The Lord appeared to us in the past, saying: “I have loved you with an everlasting love; I have drawn you with loving-kindness.
“I will build you up again and you will be rebuilt, O Virgin Israel. Again you will take up your tambourines and go out to dance with the joyful.
“Again you will plant vineyards on the hills of Samaria; the farmers will plant them and enjoy their fruit.
“There will be a day when watchmen cry out on the hills of Ephraim, ‘Come, let us go up to Zion, to the Lord our God.’”
This is what the Lord says: “Sing with joy for Jacob; shout for the foremost of the nations. Make your praises heard, and say, ‘O Lord, save your people, the remnant of Israel.’
“See, I will bring them from the land of the north and gather them from the ends of the earth. Among them will be the blind and the lame, expectant mothers and women in labor; a great throng will return.
“They will come with weeping; they will pray as I bring them back. I will lead them beside streams of water on a level path where they will not stumble, because I am Israel’s father, and Ephraim is my firstborn son.” (Jeremiah 31:3-9)
He loves it! The first Hebrew word God uses here for love has the same range of meaning as the English word. It gets used for everything from how Abraham felt about his son Isaac, to what Esau thought about his stew. But just as in English, it usually describes how husbands and wives feel about each other and about their children. Sadly, most human love is dependent upon performance and can fade with time or disappointment. Not so with God. His love endures without end and exists no matter how the loved one behaves.

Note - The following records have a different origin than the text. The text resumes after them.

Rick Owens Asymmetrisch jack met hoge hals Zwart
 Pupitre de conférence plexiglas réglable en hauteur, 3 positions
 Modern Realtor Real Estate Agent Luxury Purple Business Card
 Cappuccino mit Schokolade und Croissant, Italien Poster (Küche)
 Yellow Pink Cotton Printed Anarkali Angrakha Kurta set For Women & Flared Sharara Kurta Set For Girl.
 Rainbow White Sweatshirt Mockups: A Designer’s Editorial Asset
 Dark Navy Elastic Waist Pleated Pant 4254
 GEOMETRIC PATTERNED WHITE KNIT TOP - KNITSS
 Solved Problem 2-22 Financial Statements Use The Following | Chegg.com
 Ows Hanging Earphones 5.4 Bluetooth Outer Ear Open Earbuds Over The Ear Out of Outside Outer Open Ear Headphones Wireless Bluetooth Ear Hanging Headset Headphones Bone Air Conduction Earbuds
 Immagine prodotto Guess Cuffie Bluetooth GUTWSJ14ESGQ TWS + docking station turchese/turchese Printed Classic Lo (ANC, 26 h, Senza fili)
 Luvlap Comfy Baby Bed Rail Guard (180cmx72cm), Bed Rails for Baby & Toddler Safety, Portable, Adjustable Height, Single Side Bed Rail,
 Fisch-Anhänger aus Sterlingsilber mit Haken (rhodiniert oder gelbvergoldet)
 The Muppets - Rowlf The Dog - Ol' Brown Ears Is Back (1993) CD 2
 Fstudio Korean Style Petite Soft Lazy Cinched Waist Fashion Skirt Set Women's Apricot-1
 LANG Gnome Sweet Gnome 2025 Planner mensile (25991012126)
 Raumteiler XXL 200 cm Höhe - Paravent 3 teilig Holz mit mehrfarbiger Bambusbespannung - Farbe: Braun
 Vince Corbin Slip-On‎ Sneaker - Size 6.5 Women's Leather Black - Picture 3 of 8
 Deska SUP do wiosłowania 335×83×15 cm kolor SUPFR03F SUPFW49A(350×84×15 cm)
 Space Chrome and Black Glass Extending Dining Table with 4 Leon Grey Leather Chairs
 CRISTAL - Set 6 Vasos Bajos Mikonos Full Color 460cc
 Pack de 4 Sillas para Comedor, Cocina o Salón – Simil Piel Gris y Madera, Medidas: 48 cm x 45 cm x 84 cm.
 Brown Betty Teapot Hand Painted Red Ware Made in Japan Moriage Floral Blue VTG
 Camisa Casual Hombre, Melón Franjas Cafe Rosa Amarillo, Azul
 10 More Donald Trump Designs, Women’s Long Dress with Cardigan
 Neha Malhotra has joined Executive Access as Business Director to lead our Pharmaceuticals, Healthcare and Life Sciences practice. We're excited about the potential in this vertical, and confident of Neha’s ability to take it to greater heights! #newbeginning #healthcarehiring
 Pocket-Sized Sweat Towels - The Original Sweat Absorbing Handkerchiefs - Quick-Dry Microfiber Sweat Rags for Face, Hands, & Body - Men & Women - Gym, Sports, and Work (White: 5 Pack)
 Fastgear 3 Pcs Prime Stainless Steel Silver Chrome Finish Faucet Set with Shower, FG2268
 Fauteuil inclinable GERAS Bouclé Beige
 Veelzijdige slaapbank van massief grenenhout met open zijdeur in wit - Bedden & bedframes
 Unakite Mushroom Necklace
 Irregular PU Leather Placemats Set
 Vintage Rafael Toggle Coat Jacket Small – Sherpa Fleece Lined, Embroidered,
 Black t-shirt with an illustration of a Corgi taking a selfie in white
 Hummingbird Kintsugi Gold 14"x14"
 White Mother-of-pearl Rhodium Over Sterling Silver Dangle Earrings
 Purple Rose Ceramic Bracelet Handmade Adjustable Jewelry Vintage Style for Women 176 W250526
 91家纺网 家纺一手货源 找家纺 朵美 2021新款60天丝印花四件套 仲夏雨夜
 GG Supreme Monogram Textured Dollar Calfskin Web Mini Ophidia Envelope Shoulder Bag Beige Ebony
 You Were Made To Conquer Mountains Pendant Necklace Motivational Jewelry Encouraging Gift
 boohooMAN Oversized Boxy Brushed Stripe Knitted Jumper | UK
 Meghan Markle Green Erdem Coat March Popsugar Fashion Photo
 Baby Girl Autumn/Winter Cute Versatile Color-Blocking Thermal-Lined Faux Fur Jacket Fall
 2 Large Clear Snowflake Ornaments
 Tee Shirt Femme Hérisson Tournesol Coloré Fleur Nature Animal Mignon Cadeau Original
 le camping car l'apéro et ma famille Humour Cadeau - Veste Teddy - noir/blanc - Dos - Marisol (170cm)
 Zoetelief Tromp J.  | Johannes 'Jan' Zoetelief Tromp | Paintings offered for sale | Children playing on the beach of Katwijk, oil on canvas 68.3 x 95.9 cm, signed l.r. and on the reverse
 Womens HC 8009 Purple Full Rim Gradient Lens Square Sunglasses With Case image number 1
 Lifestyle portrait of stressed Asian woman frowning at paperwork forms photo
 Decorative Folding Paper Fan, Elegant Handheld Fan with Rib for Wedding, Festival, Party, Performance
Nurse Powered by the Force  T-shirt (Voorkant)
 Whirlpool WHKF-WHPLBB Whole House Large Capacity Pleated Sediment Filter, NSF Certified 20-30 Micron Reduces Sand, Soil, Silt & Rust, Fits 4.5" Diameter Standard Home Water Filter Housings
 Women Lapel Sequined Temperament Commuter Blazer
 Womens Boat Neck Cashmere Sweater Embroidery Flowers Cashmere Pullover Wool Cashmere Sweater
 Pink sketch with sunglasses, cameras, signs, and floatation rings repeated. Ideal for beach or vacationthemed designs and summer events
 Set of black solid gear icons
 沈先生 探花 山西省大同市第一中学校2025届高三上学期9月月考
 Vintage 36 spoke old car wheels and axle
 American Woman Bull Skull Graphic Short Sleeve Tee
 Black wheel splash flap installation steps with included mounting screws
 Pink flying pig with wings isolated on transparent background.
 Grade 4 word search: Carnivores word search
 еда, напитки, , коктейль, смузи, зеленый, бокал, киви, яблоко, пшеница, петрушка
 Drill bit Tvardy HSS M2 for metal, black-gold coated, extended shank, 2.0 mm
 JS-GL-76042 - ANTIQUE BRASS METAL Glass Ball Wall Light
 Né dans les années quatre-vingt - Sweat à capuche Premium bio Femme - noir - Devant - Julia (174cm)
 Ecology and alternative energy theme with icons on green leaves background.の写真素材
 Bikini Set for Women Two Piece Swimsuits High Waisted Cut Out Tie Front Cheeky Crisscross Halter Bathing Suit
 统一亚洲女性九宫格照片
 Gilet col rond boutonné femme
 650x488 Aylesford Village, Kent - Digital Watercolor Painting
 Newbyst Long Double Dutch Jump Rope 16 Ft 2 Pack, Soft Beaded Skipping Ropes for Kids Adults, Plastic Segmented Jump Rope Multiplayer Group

God promised to bring his people back home. Samaria was the capital city of Israel’s northern kingdom. Zion was a hill in Jerusalem. Ephraim, the largest tribe of Israel, became a synonym for the nation as a whole. They would all return, no matter where or how far they might have wandered. No matter where they were, God could still find them.
A second word appears in this passage that is usually translated loving-kindness. Whereas people marry because they have “fallen in love,” once married, they have obligations to one another that go beyond mere feelings that can ebb and flow. The word loving-kindness is used exclusively in that context: the obligations that exist between those bound by a contract like a marriage. Unlike human contracts, however, the ones that God makes can never be broken and can never end. Thus, God’s loving-kindness endures forever. God always does what is best for us.
amen. Too bad human love has conditions. If Got placed conditions on His love, all would be lost.